I am really excited for my research project... and asside from hanging out around the pubelo meeting and simply hearing people's stories, jokes, and them feeding me (they all are on a NO CARBS LEFT BEHIND mission on me it seems)... i have, im not kidding, 15 books i brought with me. Some for pleasure, and some that i have to use for my papers.

Asside from the constant scratching due to the beautiful mosquitos qho had a feast with my body, and walking along the sunsets of the green banana leaf and mago trees all around, i am learning new ways to be still, and to try and jump, at least for a sec, in the life and mindset of a human being who lives and breathes a completely distinct world than the one i do.

i dont know when i will have the opportunity to do this again for this amount of time while on my own... although i miss some people at times (um, yes)... i remember why i am doing this and strength somehow rejuvinates me... i know some of u have been praying for me... and let me tell you...

prayer works.

Saludos amigos... and I will try to update u again with some videos hopefully by next week.

Desos!

Protestants vs. Catholics... tan tan tan...

You have either heard me mention, or are probobly strangely familiar with the animosity between protestants and catholics in Latin America. Currently, I am living with a protestant homestay family in a little pueblo where about 98% is catholic. I go with them to church of course, but this has been probobly one of the most difficult things for me being here... why?

First of all, because i have placed myself under the "protestant" unbrella, now a lot of what i do, or say, is labeled as... "but she's an evangelical isn't she?" The thing here is that, honestly, I have not cared much for what people would say of me. But here the reputation of me, my host family, and my own family is at stake with a shake of a hip to the right to the sound of Gloria Estefan's "Conga." I could feel the confused stare of my host family when i start singing aloud the Vicente Fernandez, or Mana, or the latest Regeton song... I have grown to believe that my love and relationship with God is much more bound than my music tastes... but heres the deal.. this is jsut the surface. To church, we have to wear a veil... thats right. We have to also say "Gloria Dios" or "Aleluya" about every three minutes or I will be looked upon as a heathen. If i want to go to the boda or party happening in town, i am seen as someone who wants to be like the "inconversos." Im all about hanging out with everybody in the pueblo... but i am beginning to see that this perhaps is not acceptable because I am "Christian." I am beginnging to see the root of this, but still feel like i cannot be myself at times for fear of being judged... but then i really dont care... and its the family that I dont want to let down...

but then again i cant change the entire way they think.

What got me the most was that when i asked my host mom if she had ever had short hair, she responded with... "i used to. But since i know of the Word of the Lord, i don't do that anymore."
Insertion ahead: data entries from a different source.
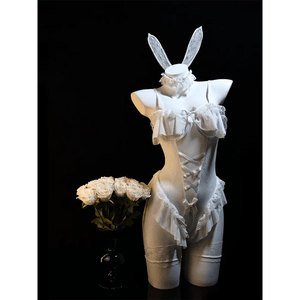 Seductive Bunny Lingerie Set, Crotchless, Easy Take-off, White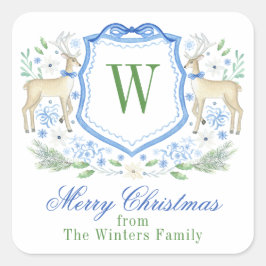 Adesivo Quadrado Berna de Aquarela Monograma Crest Natal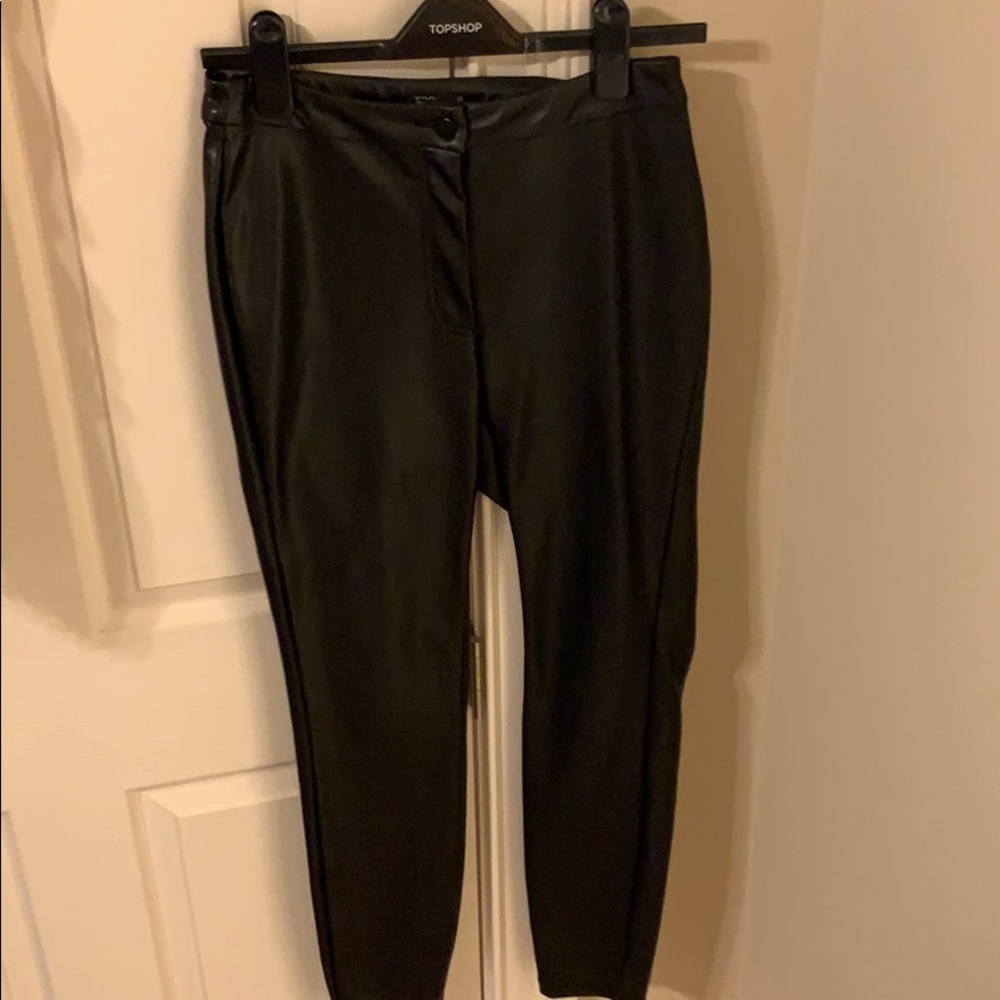 Topshop Black Artificial Leather / Pleather Pants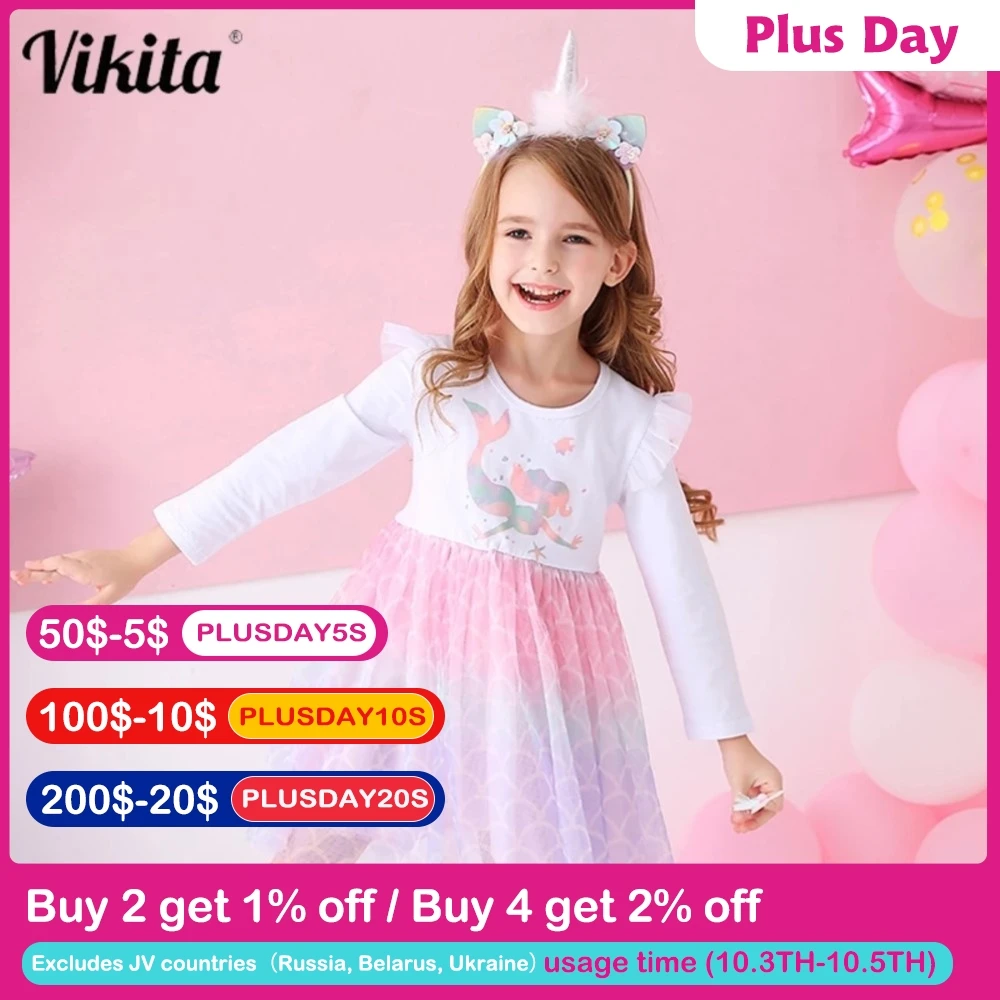 VIKITA Kids Girls Children Clothes Long Sleeve Cartoon Mermaid Princess Dress Autumn Winter Girls Princess Dress Kids Clothing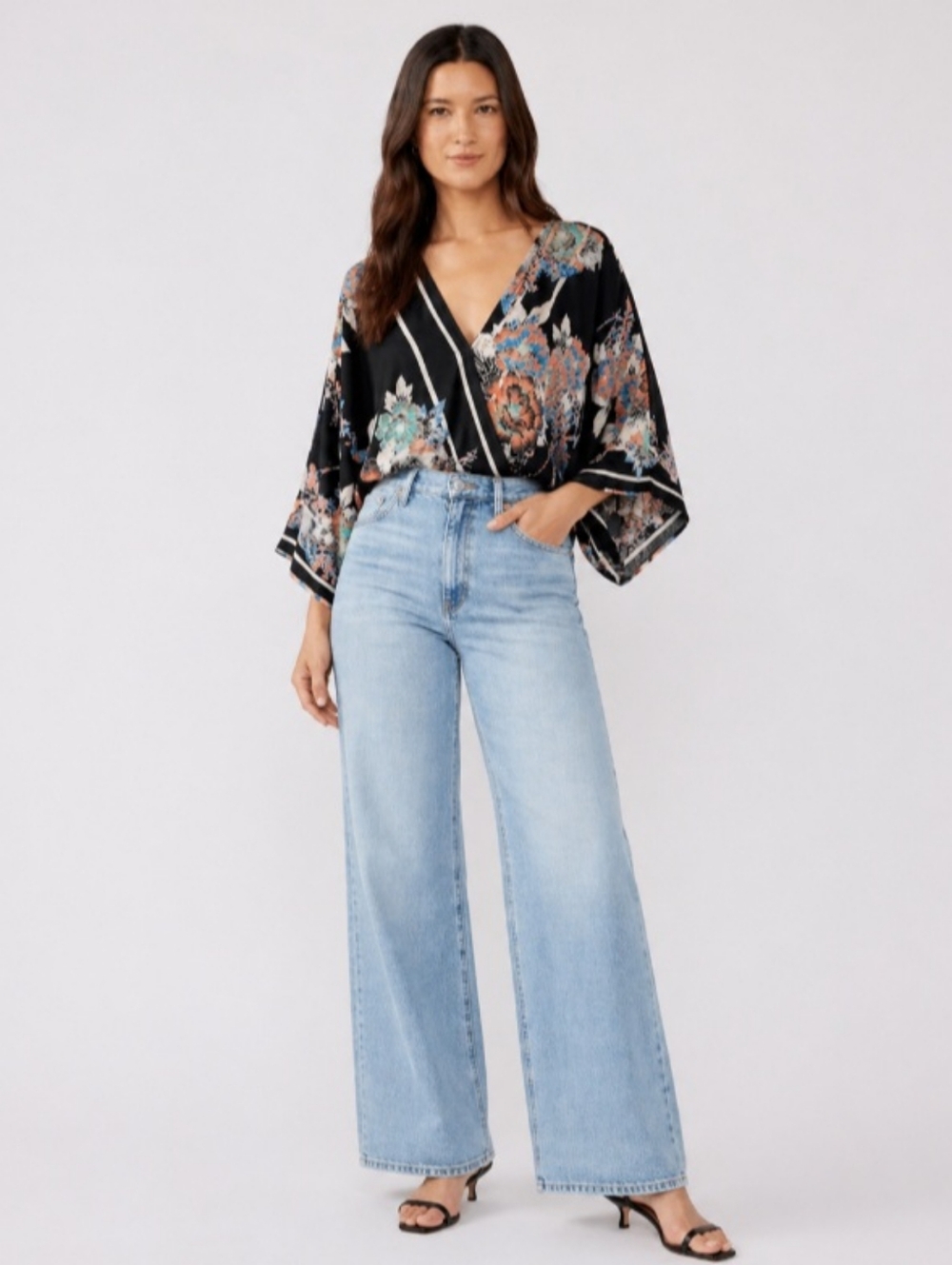Flying Tomato Black Floral Kimono Wrap Top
I was soo confused. I was like.. what does having shorter hair have to do with knowing about God? Once again, i could see the root, but i dared to ask the question. I was looked on like i was blowing bubbles or something... and when i commented that i wanted to cut my hair, my host mom had this worried look on her face asking.. "how short? why?!"

Look, im all ok with people choosing to live the life they lead... and they could live christianity and live up to the "boring" stigma it has.. literally. Everybody has been liek "oh, you go to the templo with them? oh..."

But I know my God and the Jesus I know. Christians in Idolos are known to be boring, judgemental, and crazy. Asside from Crazy, i know christians to be otherwise.

Why is it so hard for us to love and accept? Now me, who is all open to hearing the way other people live, is hard for me to accept the way Christians are choosing to live here... and thats because im in the midts of it all.

I will continue to try to be me, and speaking about my love of and with God, regardless of what I like to do... is this possible?

Honestly, seeing this animosity between protestants and catholics is one of the most difficult things ive encountered thus far...

love... such a hard darn thiing to do.

The powerlessness of the individual

The more time i am spending with the people in Idolos, the more my powereless is shoved in my face. From job opportunities to relationships to education to global warming.

just a thought i had to spit out above everything else.